For those who find the TI-89 family manual hard to follow when it comes to using the built in statistics functions, I have revamped Sam Jordan's TI-86 statistics tutorial so that it applies to the TI-89 family. If you are doing a lot of statistics with your TI-89 family calculator, you might also be interested in TI's Statistics Flash Application which replicates the TI-83's statistical abilities.

Other guides for TI-89 family statistics have been written by Karl Parr and William Larson.

Back to the FAQ

#### Statistical Analysis

The first step in performing a statistical analysis on the TI-89/92(+) is determining the type of data you will be working with. The two types are single variable data sets, and paired variable data sets. On the TI-89/92(+) these are called OneVar and TwoVar (short for One variable and Two variable) data sets.

An example of a single variable data set would be the height in inches of all male students in the Statistics 101 class. Let us assume that there are 9 male students in the statistics class with the following heights measured to the nearest inch.

64, 66, 68, 69, 70, 70, 71, 72, 74

The TI-89/92(+) will perform a single variable analysis of this data if we enter it in the Data/Matrix Editor, and store it in a data variable. Use the Apps menu to create a data variable and open it in the editor. Type the data into the column "c1".

We can now find the "OneVar" or "one variable" statistics for this set of data. Enter the Calc window by pressing F5. Change the "Calculation Type" drop down box to OneVar. Arrow down to the "x" line, type c1, and hit [ENTER] to save it. Hit [ENTER] again to run the analysis.
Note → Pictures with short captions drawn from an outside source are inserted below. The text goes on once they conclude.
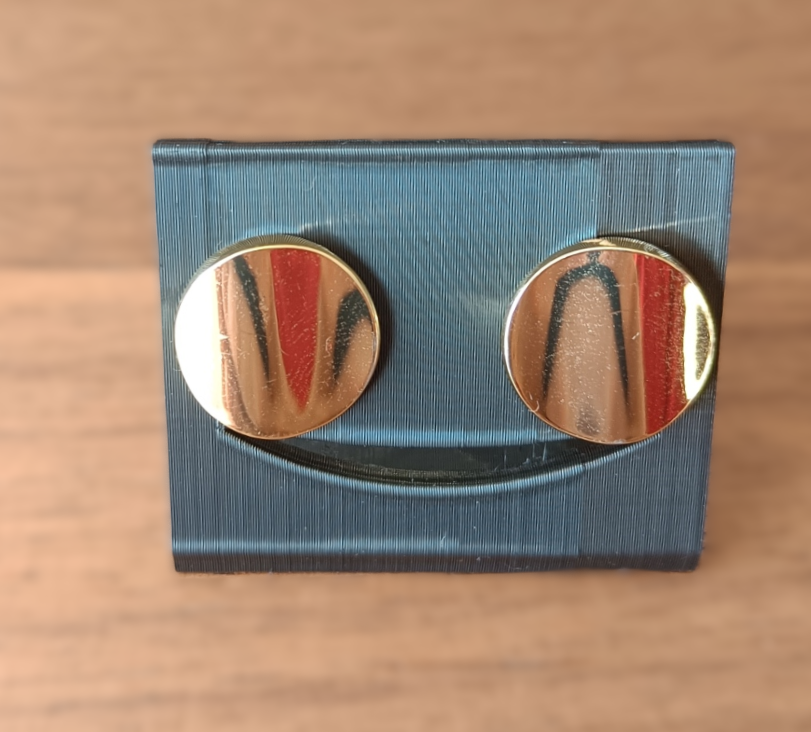 Smiley cufflink holder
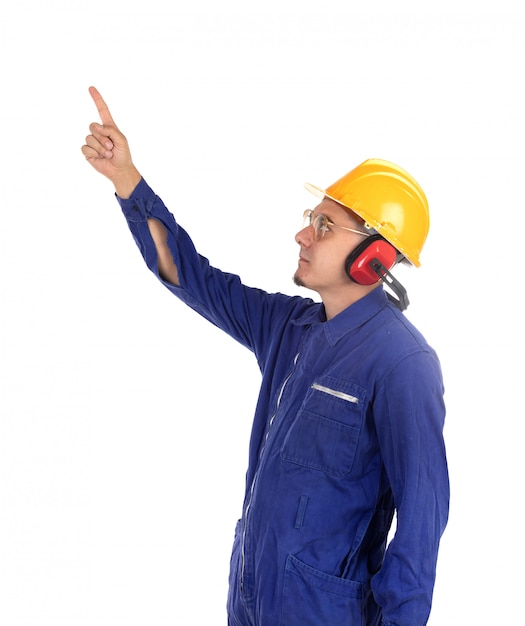 Construction worker with yellow helmet pointing with his hand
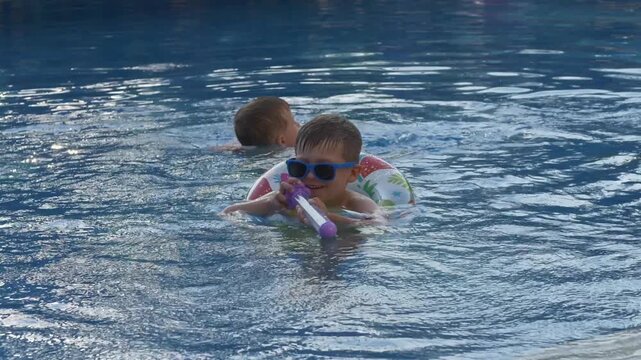 Young boy aims colorful water blaster and sprays water while playing in outdoor swimming pool. Imaginative play, active childhood, summer fun and joyful water games concept.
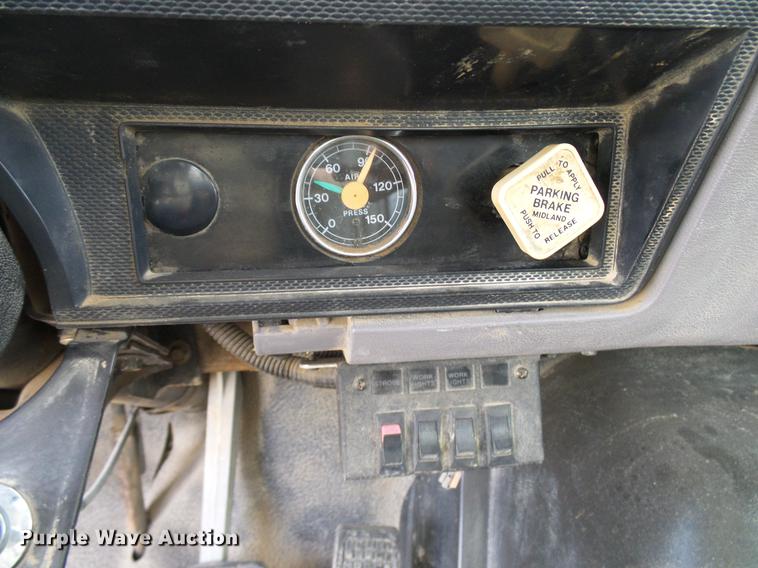 image for item DD8312 1998 Ford F800 flatbed truck with Vermeer MTE37 mud mix system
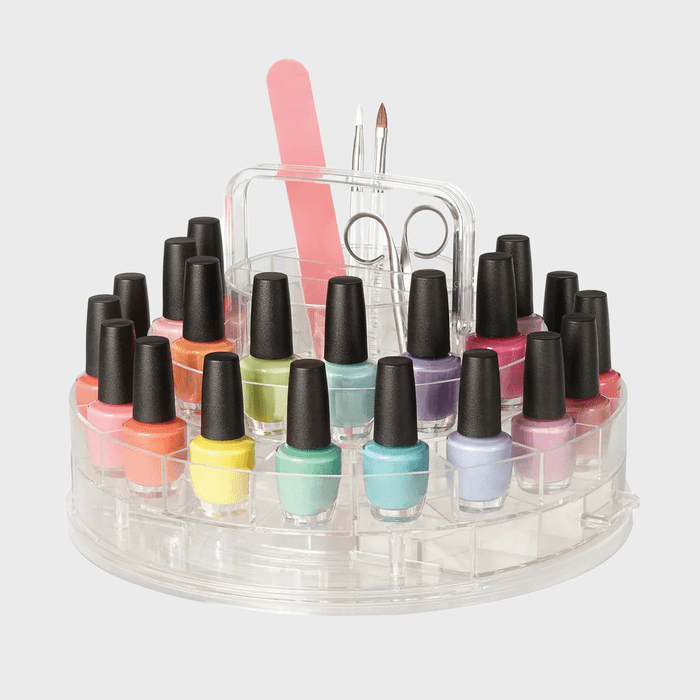 Nail polish bottles stand in a circular holder with multiple colors. Nail tools, including files and scissors, are set behind them.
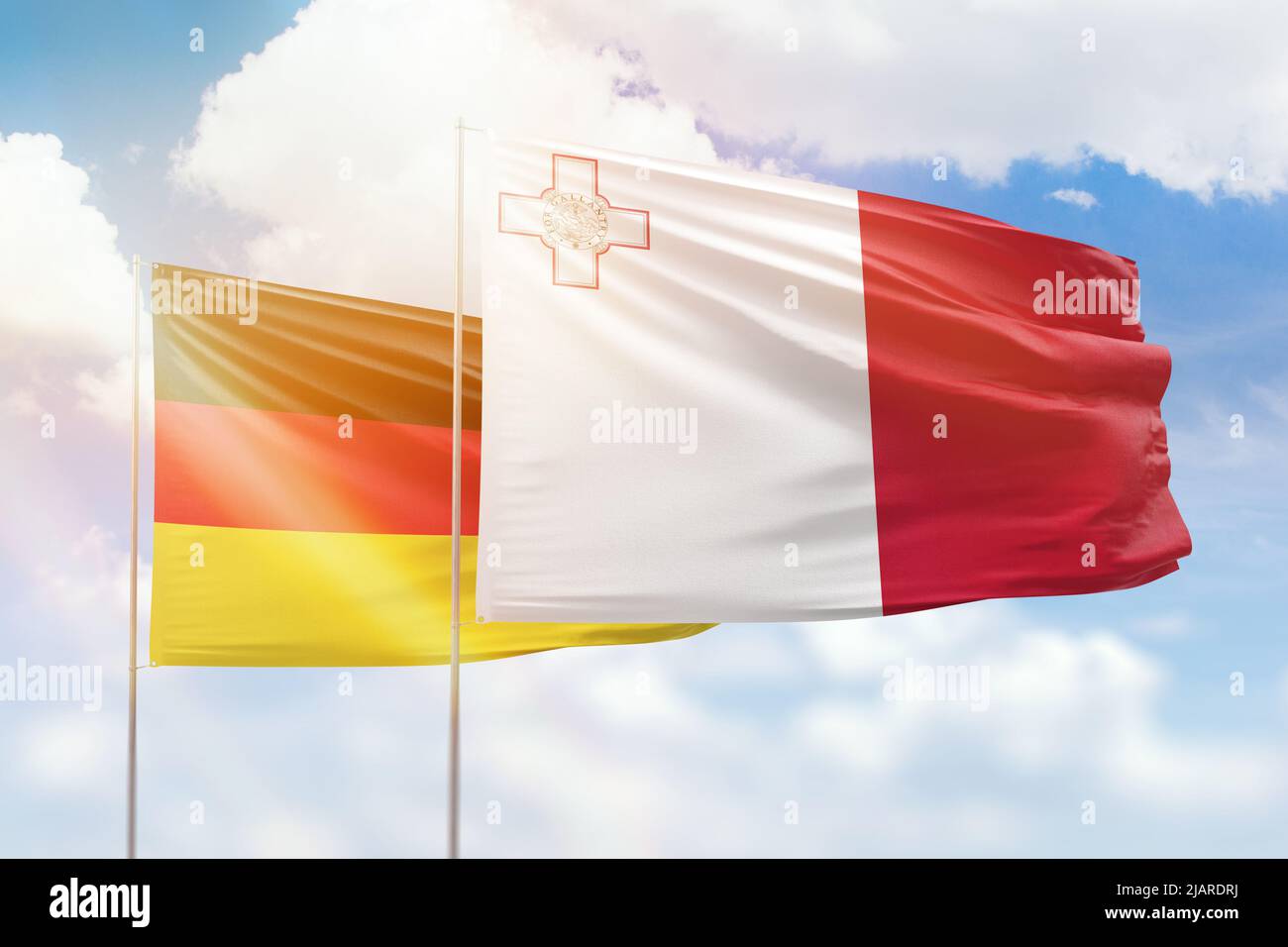 Sunny blue sky and flags of malta and germany Stock Photo Alamy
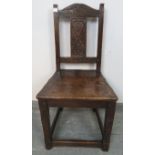 A vintage oak hall chair in a 17th century taste, with relief carved backrest depicting heart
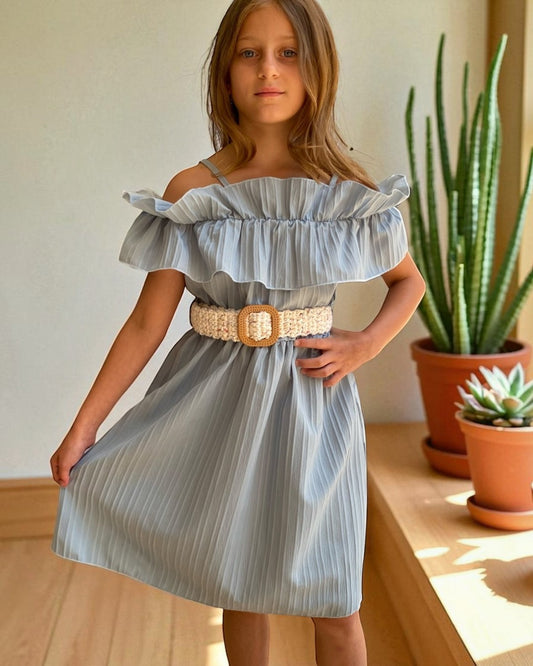 Young girl wearing a light blue dress with a belt, standing indoors with plants in the background.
This will display the following:

STAT VARS
x-bar =69.333333
Ex =624.
Ex2 =43338.
Sx =3.041381
nStat =9.
minX =64.
q1 =67.
MedStat =70.
q3 =71.5
maxX =74.

Actually, I couldn't type the exact variable names that appeared in the above output, but the actual ones are described in the manual and are the:

Mean
Sum of X
Sum of squared X
Sample Standard Deviation of X
Number of data values
Minimum X value
1st Quartile
Median X
3rd Quartile
Maximum X

The population standard deviation isn't displayed, but it is calculated and stored to the variable sigma x. You can see the value by typing sigma x into the entry line and hitting [ENTER]. The lowercase sigma can be obtained from the Char - Greek menu (item G) or by using the following keystrokes:
On the TI-89: diamond ( alpha s
On the TI-92(+): diamond g s

Since at least one of the values in the "c1" column is repeated, we could have entered "c1" as:

64, 66, 68, 69, 70, 71, 72, 74

While also filling in the "c2" column which gives the "frequency" of each of the values in the "c1" column

1, 1, 1, 1, 2, 1, 1, 1

which in this case means that the value "70" occurs 2 times in the original column.
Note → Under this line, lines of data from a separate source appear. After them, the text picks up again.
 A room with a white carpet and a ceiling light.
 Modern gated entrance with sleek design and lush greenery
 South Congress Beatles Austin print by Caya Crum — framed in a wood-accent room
Assuming that we have entered these two columns, and that we have exactly the same number of entries (8) in both columns, we go to the Calc window and choose OneVar and c1 as before, but this time arrow down to "Use Freq and Categories?" and select Yes. Then arrow down to the Freq line and type in c2 then [ENTER] to save it. [ENTER] again runs the analysis.

That pretty much covers single variable statistics.

Two variable statistics are handled in much the same way as One variable stats.

Assume we have the following (x,y) pairs:

(1,3) (2,4.1) (3,5) (4,5.9)

These would be entered into the data editor:

1, 2, 3, 4 as c1
3, 4.1, 5, 5.9 as c2

Notice that both columns contain the same number of items. THIS IS IMPORTANT! If they don't contain the same number of items, you will get weird errors when trying to perform analysis of the data later! Once again, an optional third column may be used for frequency.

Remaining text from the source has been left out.